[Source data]
====

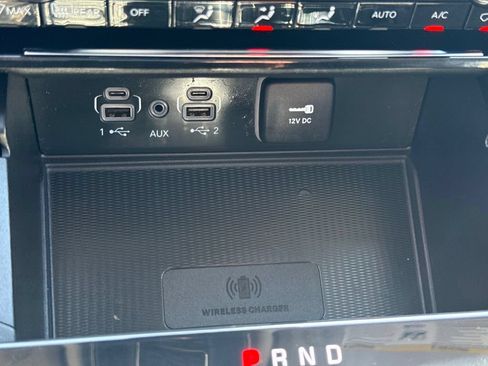 Used 2023 Jeep Grand Cherokee L Limited w/ Luxury Tech Group II AWD/4WD image 10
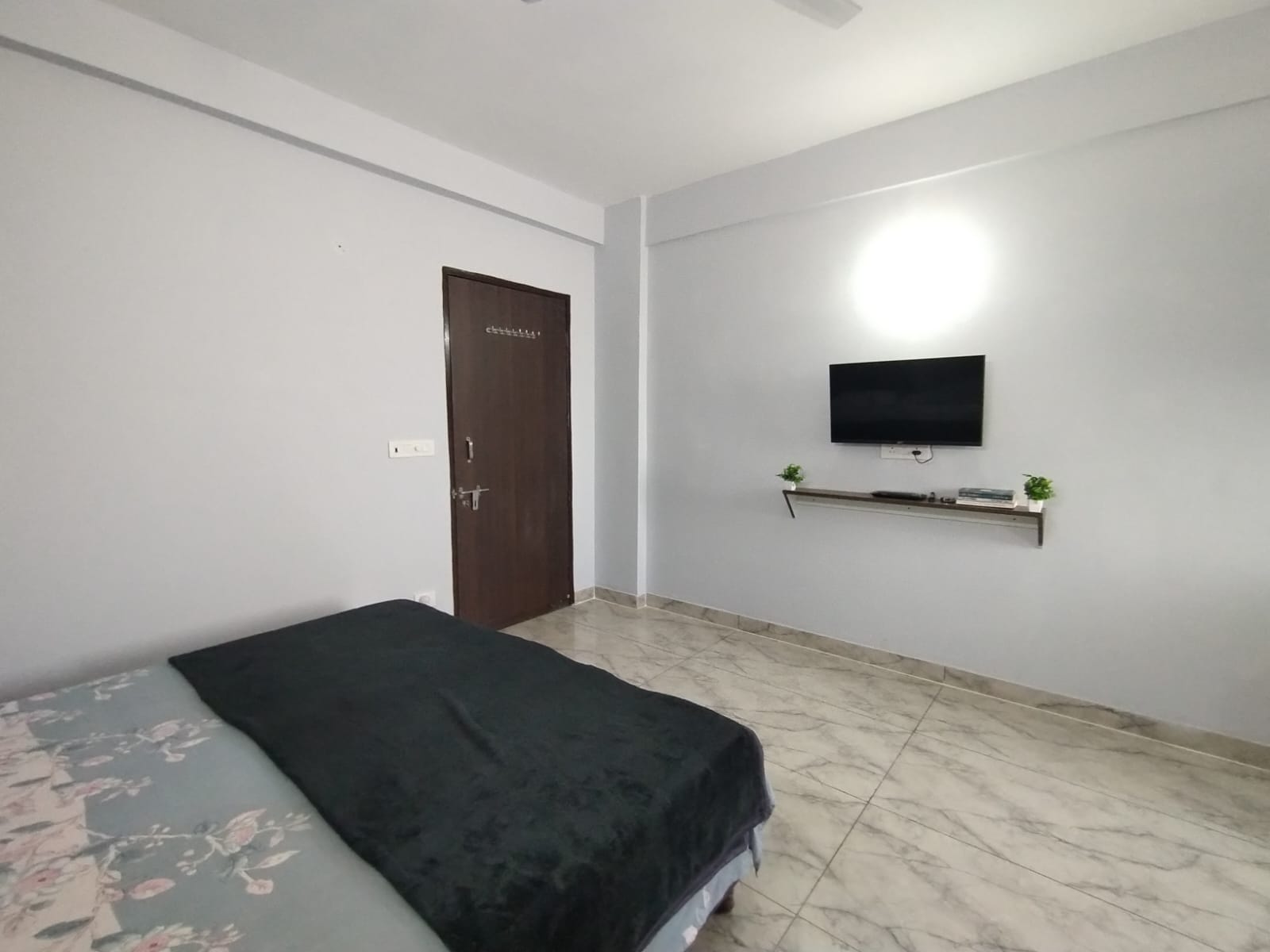 RK FULLY FURNISHED  photo 5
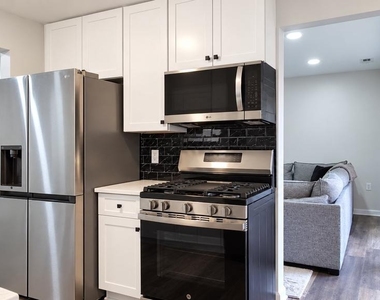 882 College Parkway - Photo Thumbnail 7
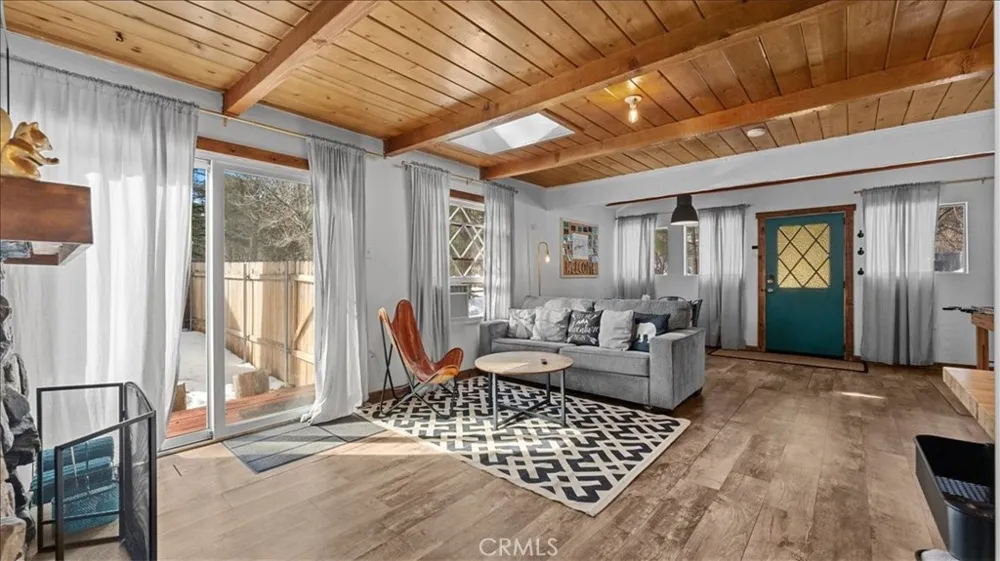 573 Spruce Sugarloaf, CA 92386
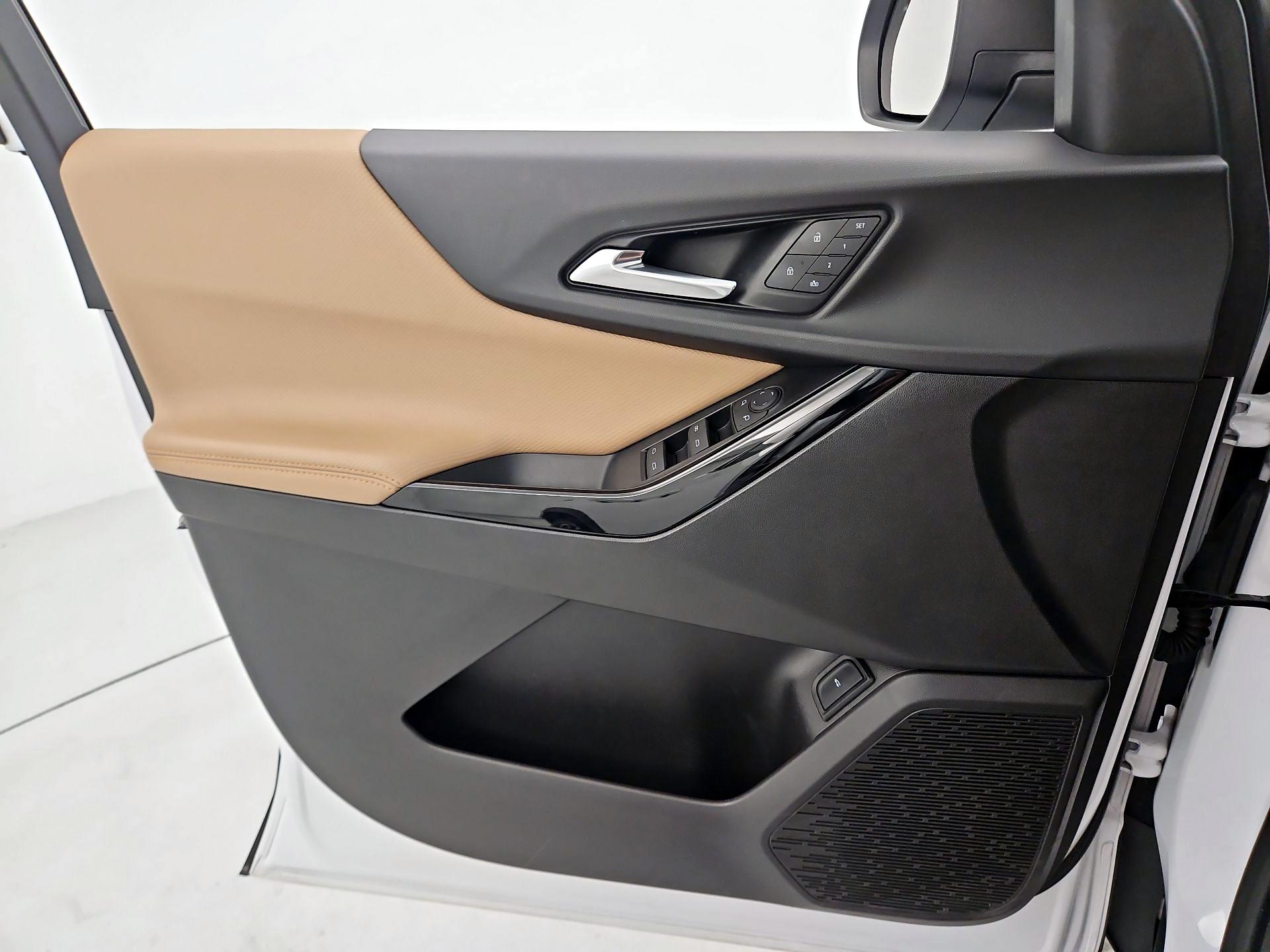 Thumbnail: 2025 Chevrolet Equinox - 12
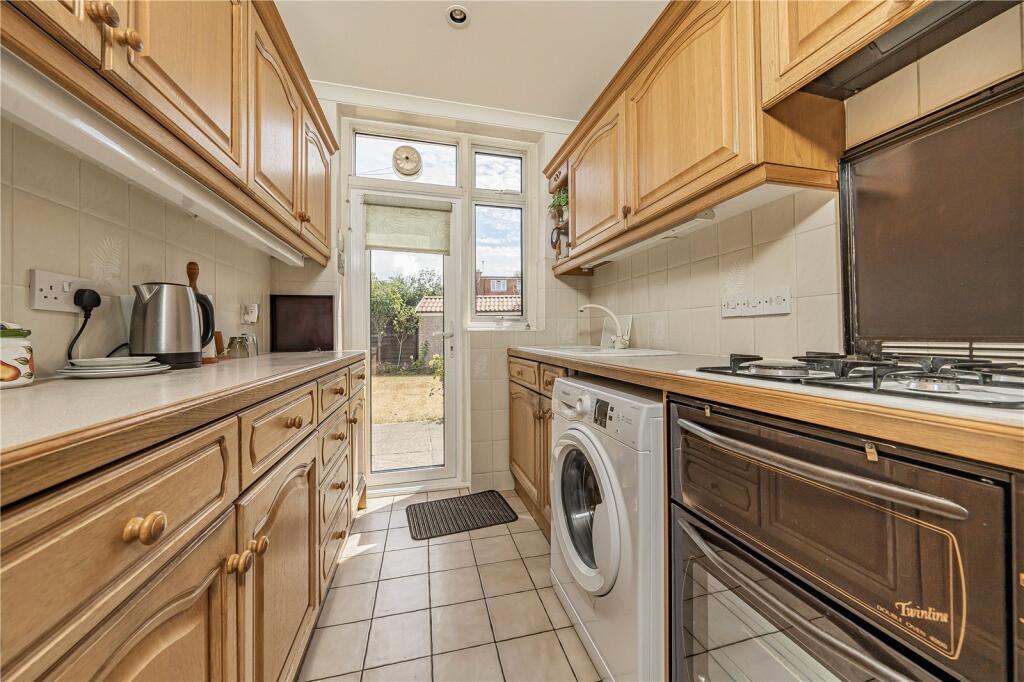 House in London - View 4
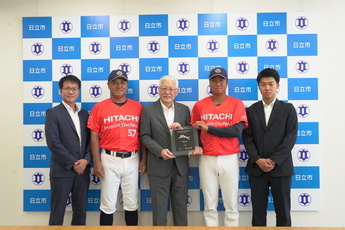 野球部関係者と市長の記念写真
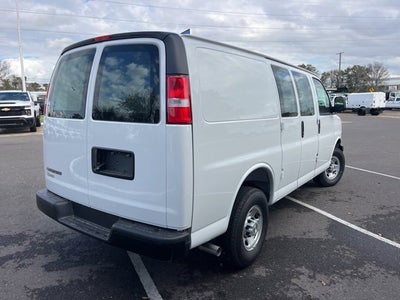 2025 Chevrolet Express Cargo 2500 WT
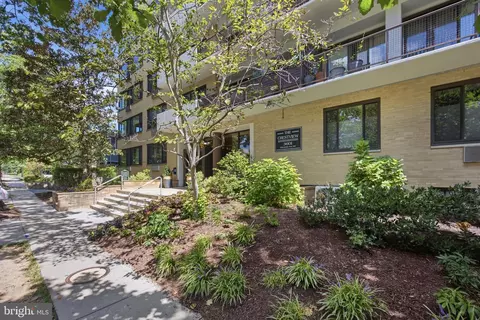 3601 Wisconsin Ave NW #411, Washington, DC 20016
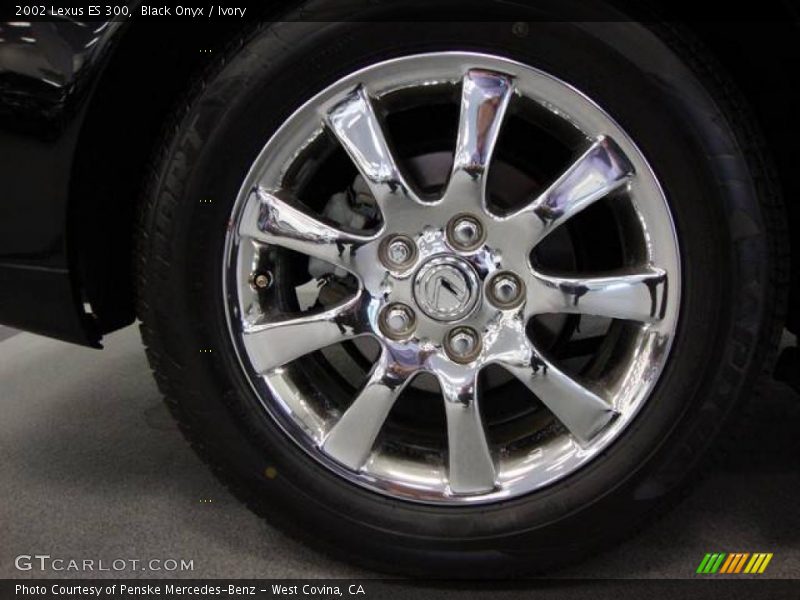 Black Onyx / Ivory 2002 Lexus ES 300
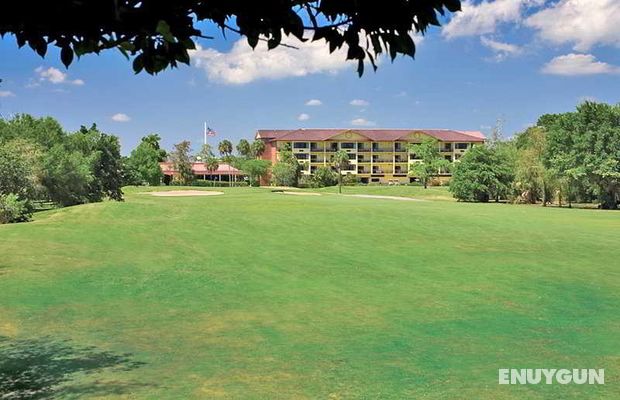 Quality Inn & Suites Golf Resort Genel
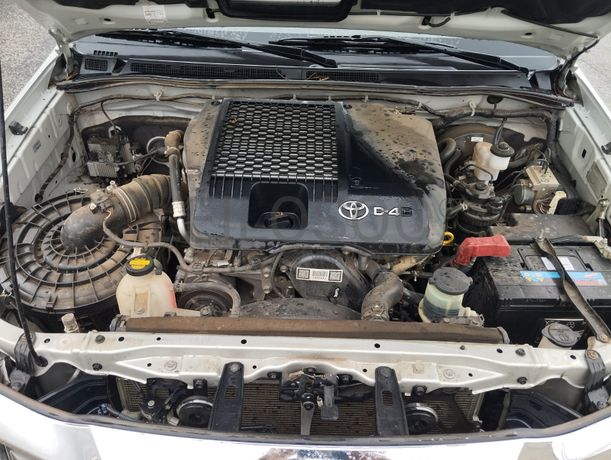 Toyota Hilux · Ano 2013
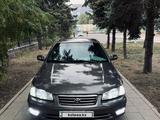 Toyota Camry 2000 года за 3 000 000 тг. в Узынагаш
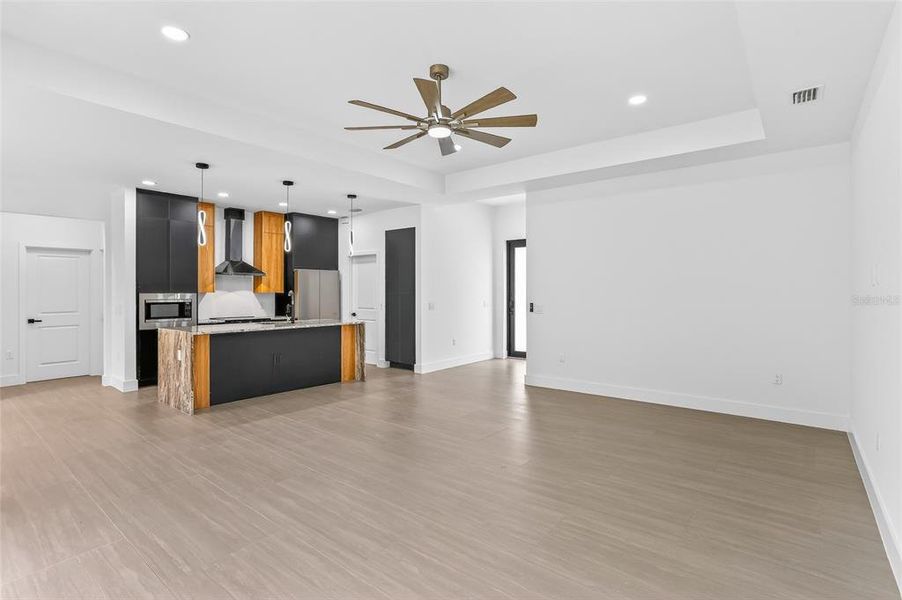 Spacious, unfurnished interior of a new home in , Port Charlotte (Image 23).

====

§ **TASK BRIEF**: Exclude the pictures, and output exactly the lines from the one with "Black Onyx / Ivory 2002 Lexus ES 300" through the last line of the records, both included.

§ **SOLUTION TO THIS TASK**:
 Black Onyx / Ivory 2002 Lexus ES 300
 Quality Inn & Suites Golf Resort Genel
 Toyota Hilux · Ano 2013
 Toyota Camry 2000 года за 3 000 000 тг. в Узынагаш
 Spacious, unfurnished interior of a new home in , Port Charlotte (Image 23).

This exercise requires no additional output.